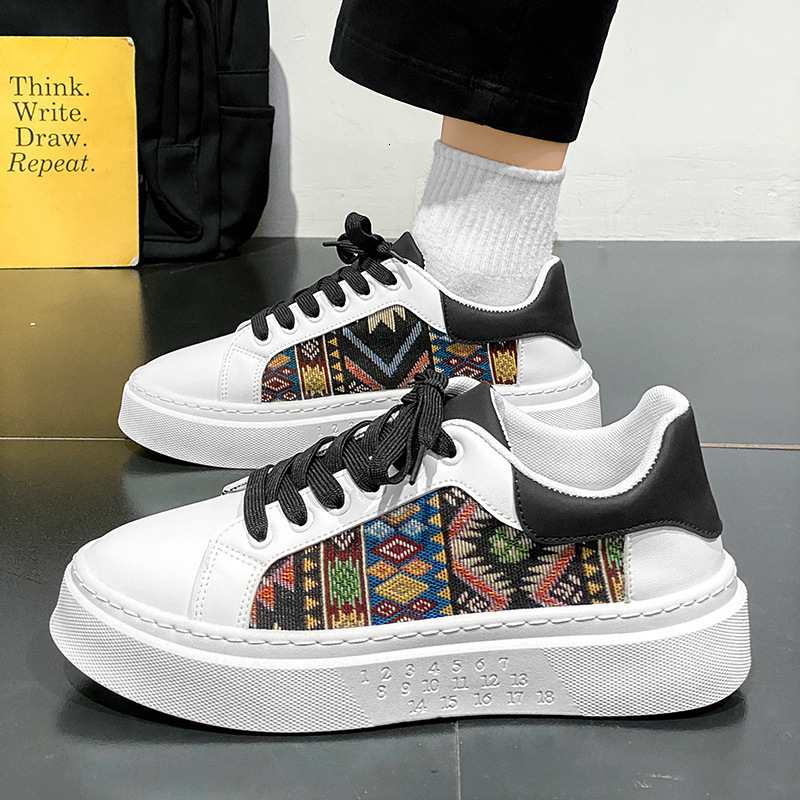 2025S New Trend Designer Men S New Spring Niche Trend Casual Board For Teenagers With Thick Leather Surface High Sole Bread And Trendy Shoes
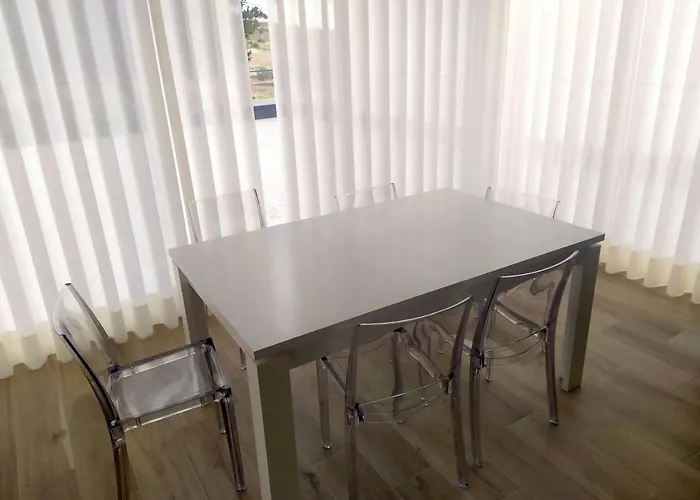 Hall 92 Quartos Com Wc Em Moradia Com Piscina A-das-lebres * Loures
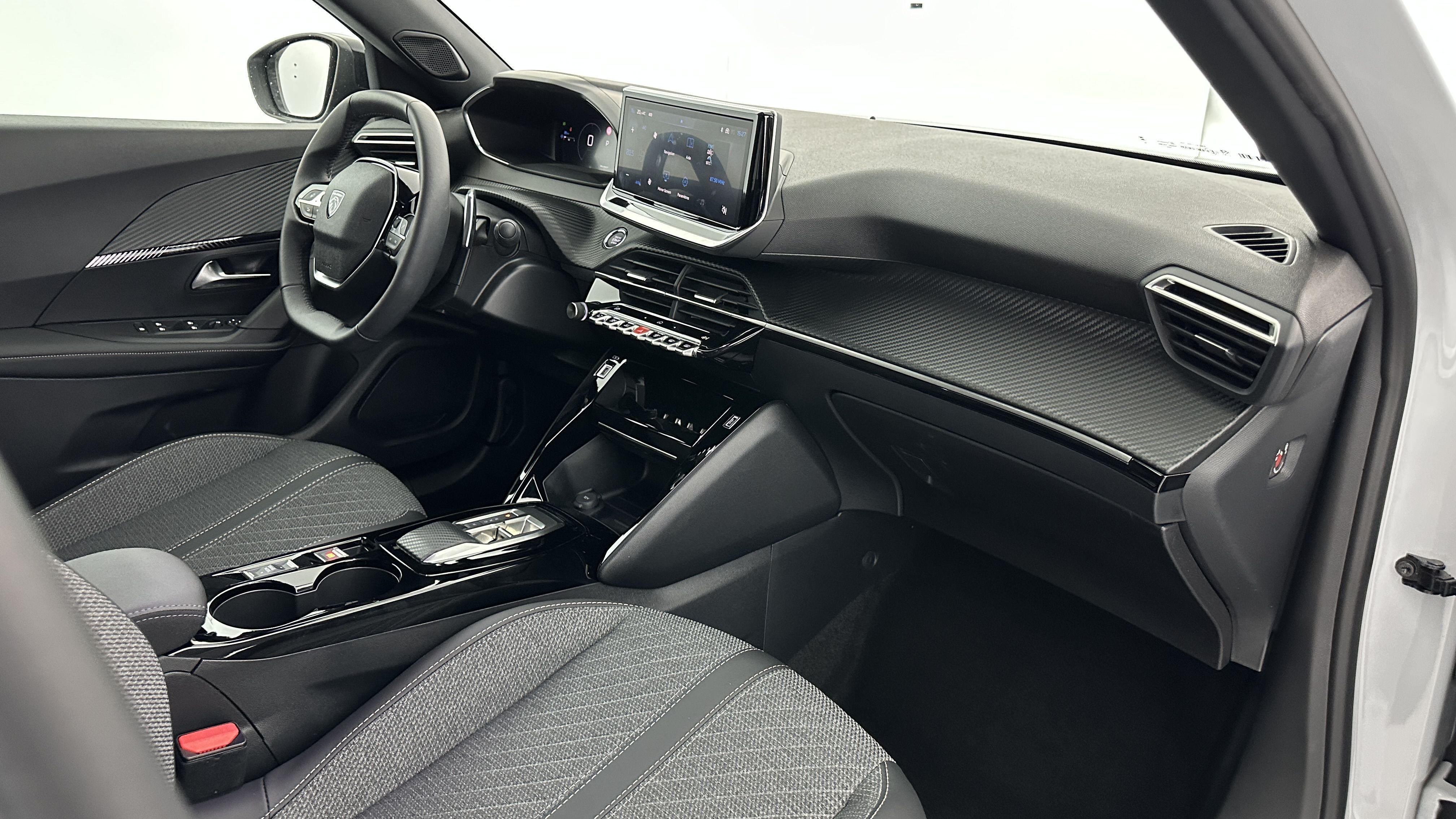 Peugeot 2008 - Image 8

*Work request*. Transcribe the lines that run from the line bearing "Hall 92 Quartos" through the last line of the data. Keep the wording exact and leave out every picture.

*Solution to this exercise*.
 Hall 92 Quartos Com Wc Em Moradia Com Piscina A-das-lebres * Loures
 Peugeot 2008 - Image 8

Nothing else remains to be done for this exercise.